** Work to complete **
For this item, repeat the material exactly while omitting its pictures.

--- Source data ---

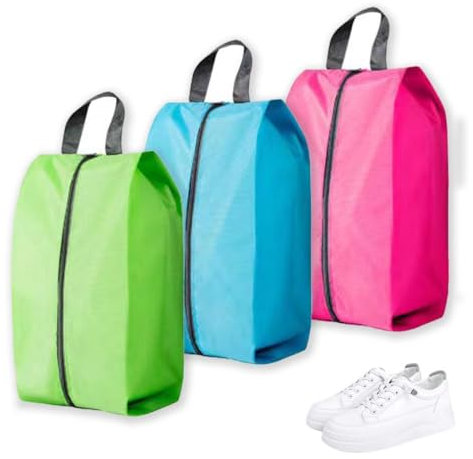 SULIUDAJI 3 Stück Schuhtasche Extra Groß, Antifouling Und Wasserdicht Schuhtaschen, Schuhtasche Für Koffer, Schuhtasche Mit Reißverschluss Für Reisen Oder Aufbewahrung Zu Hause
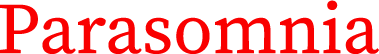 Parasomnia logo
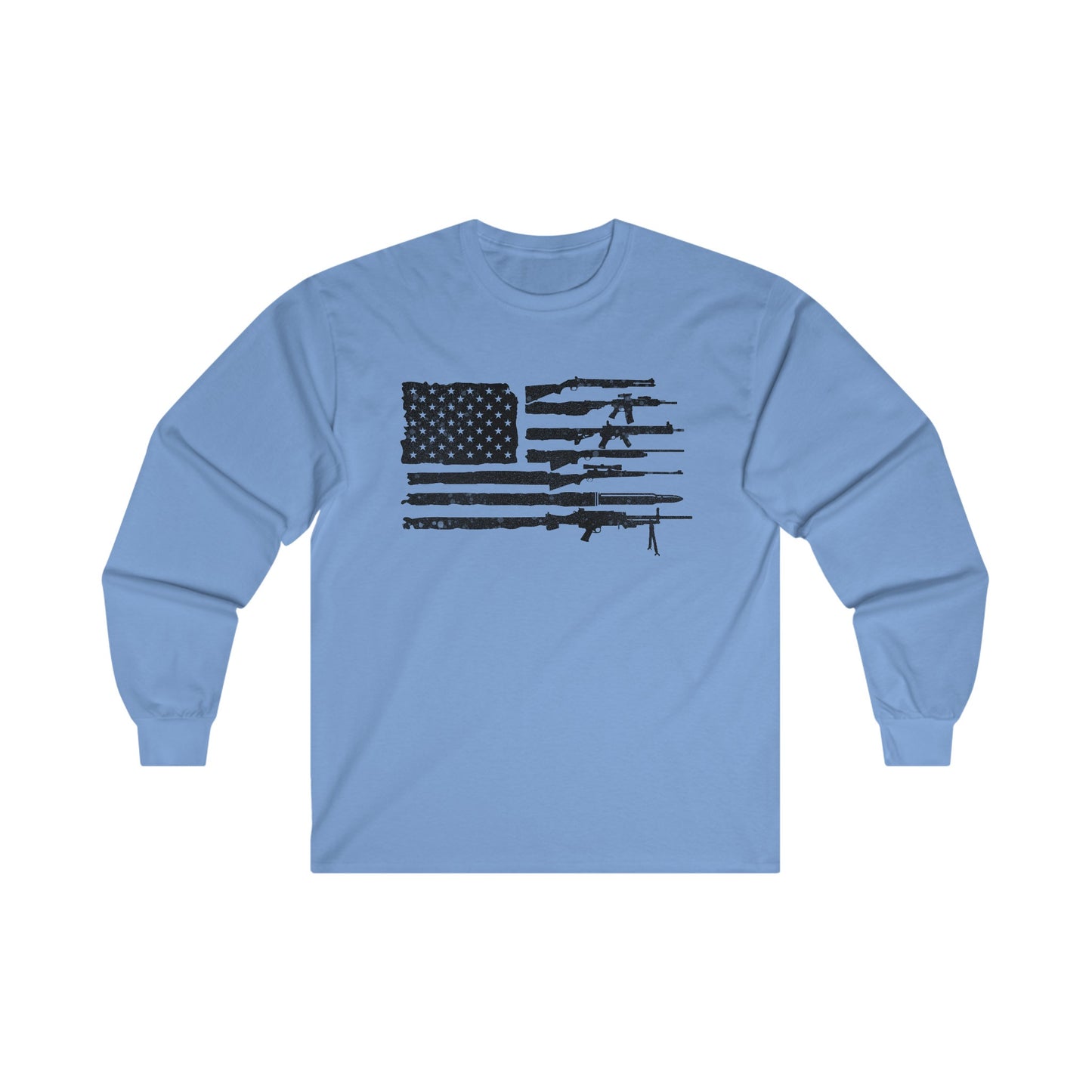 Flag of Guns, Black/White Unisex Ultra Cotton Long Sleeve Tee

---

** Finished exercise **
 SULIUDAJI 3 Stück Schuhtasche Extra Groß, Antifouling Und Wasserdicht Schuhtaschen, Schuhtasche Für Koffer, Schuhtasche Mit Reißverschluss Für Reisen Oder Aufbewahrung Zu Hause
 Parasomnia logo
 Flag of Guns, Black/White Unisex Ultra Cotton Long Sleeve Tee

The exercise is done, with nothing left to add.